Monday, 19 September 2011

Preview: THIS IS JINSY (Sky Atlantic)

Monday, 19 September 2011
written by Justin Chubb & Chris Bran; directed by Matt Lipsey
starring Justin Chubb, Chris Bran, Alice Lowe, Janine Duvitski & Geoff McGivern

If Vic Reeves and Bob Mortimer made The League Of Gentlemen, it may have resulted in something similar to Sky's latest homespun comedy, the peculiar This Is Jinsy. Or perhaps if Terry Pratchett was asked to write a lighthearted version of The Wicker Man? Originally a 2010 pilot for BBC3, this island-based sitcom wasn't taken to series, so Sky stepped in to fund what it hopes will be a cult hit hybrid of Father Ted and the aforementioned League. In its favour, Jinsy's unlike anything you've seen, and there's a potent sense of lo-fi creativity suturing it together, but after watching these two episodes I think there's a reason we've never seen its like before. I was more bewildered and bored than amused.

Arbiter Maven (Justin Chubb) is leader of the fictional island of Jinsy, helped by Operative Sporall (Chris Bran) from their Great Tower in the parish of Veen. (Yes, it's that kind of show.) Jinsy's a place that exists in a bizarro version of '50s Britain that's quite Orwellian in nature. There are strange TV "tesselators" that sprout up around the island, resembling coin-op seaside binoculars, and the first episode revolves around arranged marriages because all 791 inhabitants participate in a "Wedding Lottery" hosted by the effeminate Mr Slightlyman (guest-star David Tennant). Every person living on Jinsy have names that sound like they must have been educated at Hogwarts (Trince, Sooson Noop, Mrs Goadian), and the chintzy production values create the artificial feel of a 1994 PC CD-ROM game.

It's a fascinating production in many ways, despite the horrible greenscreen used to bring the island's exteriors to unconvincing life. There are talking seagulls with human faces, moments when we jump inside a "tesselator" to watch folk singers perform catchy songs in a country pub, a half-naked elderly "weather monk" present the forecast, and many other strange signs of local activity.

Maybe it's my age, but I'm struggling to find crazy comedy very funny these days. This brand of silliness can be diverting and worth a few giggles, but without something intelligent holding it all together, it just strikes me as indulgent hit-and-miss nonsense. "A little nonsense now and then is relished by the wisest men", wrote Roald Dahl, and it's certainly a lovely release valve, but there has to be standards. There was plenty to look at throughout Jinsy, but worryingly little of intelligent merit.

It felt like the absence of good jokes was being masked by the lunacy of its island society, the thrifty ingenuity of the production design, and a few famous faces. Quite why David Tennant wanted to guest-star on an unproven comedy like this is anyone's guess, beyond a deep desire to show a feminine side, or grab himself a carriage on the Rupert Murdoch gravy train.
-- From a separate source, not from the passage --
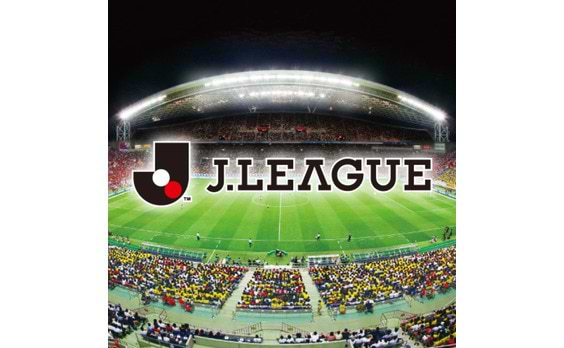 スポーツ観戦体験をデジタルで拡張する「Ｊ.LEAGUE」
Harry Hill's cameo is more comprehensible, given this show fits the bald comedian's own comic sensibility. Likewise episode 2's appearance by Peter Serafinowicz as a cupboard-selling conman who pretends to be the island's unseen deity, The Great He.

I desperately wanted This Is Jinsy to work, because it's imaginative and is doing something different in a marketplace that's still under the influence of The Office; forgetting that some of the best British comedy's been silly, surreal offerings we're a world leader of. But this show needs to be funny in a manner that stems from the characters and the story, not just the weird garnish it's covered in. If a show like this isn't funny at heart, only in design, it just looks awkward and misfires badly.

I won't be revisiting this island again in a hurry.

Aside

  • It's a telling decision to put this on Sky Atlantic. I assume it's because Sky know it's not mainstream enough for Sky1, where it would sit alongside the likes of Trollied and Mount Pleasant. I can understand that reasoning, but it also means it's going to be tucked away on a minority channel at launch, and it's hard to see how that will help Sky Atlantic's fortunes. Would people really consider getting Sky just so they can see a TV show they (legally) won't even have seen yet? Are guest-stars like David Tennant, Harry Hill, Catherine Tate, and Peter Serafinowicz enough of a draw? I'd have put Jinsy on Sky1 to begin with, then move it to SkyA for series 2 if it proved a hit.